Spółkę akcyjną Port Lotniczy Lublin tworzy obecnie (2010 rok) czterech akcjonariuszy. W jej skład wchodzą samorządy miast Lublina (60,1955% udziałów) i Świdnika (5,5440%), województwa lubelskiego (34,2513%) i powiatu Świdnik (0,0093%).
Port Lotniczy powstawał od zera. Wybudowano nowoczesny pas startowy wraz z infrastrukturą towarzyszącą, płyta peronowa (4 stanowiska dla samolotów klasy B 737, A 320), stanowisko likwidacji zagrożeń, terminal do obsługi pasażerów, infrastrukturę drogową z parkingami, budynek straży pożarnej, budynek techniczny i stację paliwa lotniczego. Aby umożliwić klientom portu lotniczego sprawny dojazd zbudowano nową ulicę Jana III Sobieskiego połączoną z istniejącą infrastrukturą drogową. Zmodernizowano oraz przebudowano także inne ulice m.in. zmieniono przebieg ulicy Mełgiewskiej. Ponadto na potrzeby lotniska wybudowano nową zelektryfikowaną linię kolejową nr. 581 ze Świdnika Miasto do samego terminala. Zgodnie z planem szlak ma być obsługiwany przez elektryczne zespoły trakcyjne typu EN57AL należące do województwa lubelskiego. Dojazd koleją z centrum Lublina do lotniska trwa 15 minut.
Lotnisko Lublin-Świdnik jest 13 portem lotniczym w Polsce. Rocznie może z niego skorzystać nawet do 1,1 mln pasażerów. Nowy terminal liczy 11 tys. metrów kwadratowych, a RWY ma 2 520 m x 60 m. Jednocześnie mogą być odprawiane 4 średniej wielkości samoloty pasażerskie.
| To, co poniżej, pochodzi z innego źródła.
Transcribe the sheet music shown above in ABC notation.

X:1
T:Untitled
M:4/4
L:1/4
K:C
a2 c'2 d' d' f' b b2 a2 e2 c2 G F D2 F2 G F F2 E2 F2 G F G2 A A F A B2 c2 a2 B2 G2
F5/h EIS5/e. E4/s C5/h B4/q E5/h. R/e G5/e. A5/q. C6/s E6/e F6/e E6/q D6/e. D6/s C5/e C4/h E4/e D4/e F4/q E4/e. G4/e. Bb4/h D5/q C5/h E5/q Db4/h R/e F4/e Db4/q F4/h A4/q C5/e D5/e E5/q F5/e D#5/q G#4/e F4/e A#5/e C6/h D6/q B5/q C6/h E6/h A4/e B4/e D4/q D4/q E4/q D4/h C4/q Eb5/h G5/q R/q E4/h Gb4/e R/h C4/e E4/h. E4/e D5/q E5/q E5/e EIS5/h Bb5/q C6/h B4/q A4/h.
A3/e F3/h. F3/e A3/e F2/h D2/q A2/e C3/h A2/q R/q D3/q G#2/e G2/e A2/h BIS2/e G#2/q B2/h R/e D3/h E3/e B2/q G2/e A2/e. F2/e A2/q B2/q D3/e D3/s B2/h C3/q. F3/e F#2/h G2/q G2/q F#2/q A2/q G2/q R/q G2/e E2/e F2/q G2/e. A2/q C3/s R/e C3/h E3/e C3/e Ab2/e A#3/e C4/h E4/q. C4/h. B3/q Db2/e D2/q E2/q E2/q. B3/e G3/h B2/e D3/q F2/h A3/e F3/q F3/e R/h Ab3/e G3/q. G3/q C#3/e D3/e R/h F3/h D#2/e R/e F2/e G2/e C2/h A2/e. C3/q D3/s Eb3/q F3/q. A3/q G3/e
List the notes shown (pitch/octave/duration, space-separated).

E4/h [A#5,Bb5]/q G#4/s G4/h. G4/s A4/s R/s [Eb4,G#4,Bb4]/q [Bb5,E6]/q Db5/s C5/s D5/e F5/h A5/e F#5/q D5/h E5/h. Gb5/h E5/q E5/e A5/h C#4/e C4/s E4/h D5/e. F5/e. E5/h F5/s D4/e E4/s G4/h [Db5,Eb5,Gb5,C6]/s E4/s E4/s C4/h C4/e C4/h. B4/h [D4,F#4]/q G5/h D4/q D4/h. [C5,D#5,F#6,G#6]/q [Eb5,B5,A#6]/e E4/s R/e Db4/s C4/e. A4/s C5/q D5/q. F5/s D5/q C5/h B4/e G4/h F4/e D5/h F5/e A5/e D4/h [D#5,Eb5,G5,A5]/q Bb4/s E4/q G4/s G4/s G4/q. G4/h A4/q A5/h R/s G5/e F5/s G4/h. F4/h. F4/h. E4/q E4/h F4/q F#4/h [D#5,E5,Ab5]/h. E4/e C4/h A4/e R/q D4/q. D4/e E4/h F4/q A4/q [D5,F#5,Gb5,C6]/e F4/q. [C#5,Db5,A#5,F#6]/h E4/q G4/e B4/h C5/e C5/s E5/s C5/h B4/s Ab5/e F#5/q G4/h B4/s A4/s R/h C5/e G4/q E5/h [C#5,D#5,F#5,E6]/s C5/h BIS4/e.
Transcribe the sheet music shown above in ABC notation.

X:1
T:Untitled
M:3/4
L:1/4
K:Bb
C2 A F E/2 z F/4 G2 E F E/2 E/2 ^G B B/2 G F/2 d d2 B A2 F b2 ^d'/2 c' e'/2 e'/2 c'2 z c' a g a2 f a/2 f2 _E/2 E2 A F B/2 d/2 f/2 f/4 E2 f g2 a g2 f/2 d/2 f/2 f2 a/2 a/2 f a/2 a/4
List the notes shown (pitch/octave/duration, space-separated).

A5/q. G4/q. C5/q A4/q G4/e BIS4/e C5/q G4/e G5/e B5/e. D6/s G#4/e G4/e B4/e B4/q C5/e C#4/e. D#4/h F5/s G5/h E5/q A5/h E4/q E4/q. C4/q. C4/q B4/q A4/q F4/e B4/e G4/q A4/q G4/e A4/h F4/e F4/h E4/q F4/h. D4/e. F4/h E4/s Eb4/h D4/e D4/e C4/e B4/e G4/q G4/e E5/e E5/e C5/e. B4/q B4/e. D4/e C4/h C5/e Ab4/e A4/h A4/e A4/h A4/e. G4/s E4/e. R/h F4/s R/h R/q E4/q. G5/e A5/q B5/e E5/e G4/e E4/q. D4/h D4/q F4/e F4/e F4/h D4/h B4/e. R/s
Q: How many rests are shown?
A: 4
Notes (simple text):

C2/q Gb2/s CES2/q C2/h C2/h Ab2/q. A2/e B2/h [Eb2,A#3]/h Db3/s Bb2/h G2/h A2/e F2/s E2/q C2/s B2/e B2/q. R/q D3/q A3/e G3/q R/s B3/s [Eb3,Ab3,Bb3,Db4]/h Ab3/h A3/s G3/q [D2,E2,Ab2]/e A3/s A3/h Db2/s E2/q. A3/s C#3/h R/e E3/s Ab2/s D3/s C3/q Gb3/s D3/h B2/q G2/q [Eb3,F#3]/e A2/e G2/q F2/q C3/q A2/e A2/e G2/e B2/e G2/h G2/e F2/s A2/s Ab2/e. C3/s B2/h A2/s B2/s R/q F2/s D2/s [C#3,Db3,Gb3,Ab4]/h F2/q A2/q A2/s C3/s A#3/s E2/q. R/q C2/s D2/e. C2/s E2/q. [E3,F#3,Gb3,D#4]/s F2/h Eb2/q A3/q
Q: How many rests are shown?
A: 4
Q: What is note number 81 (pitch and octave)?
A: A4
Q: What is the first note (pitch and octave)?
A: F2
Powierzchnia zabudowy: 1 500 000 m². Powierzchnia użytkowa: 11 465 m². Kubatura: 85 670 m³. Projekt: okres 2008 – 2012. Realizacja: 2012 rok. Pomoce nawigacyjne; ILS (inwestycja kosztowała około 3 miliony złotych, uruchomiony w 2013 roku). Zestaw radiolatarni z dalmierzem D-VOR/DME. Centralne światła na drodze startowej.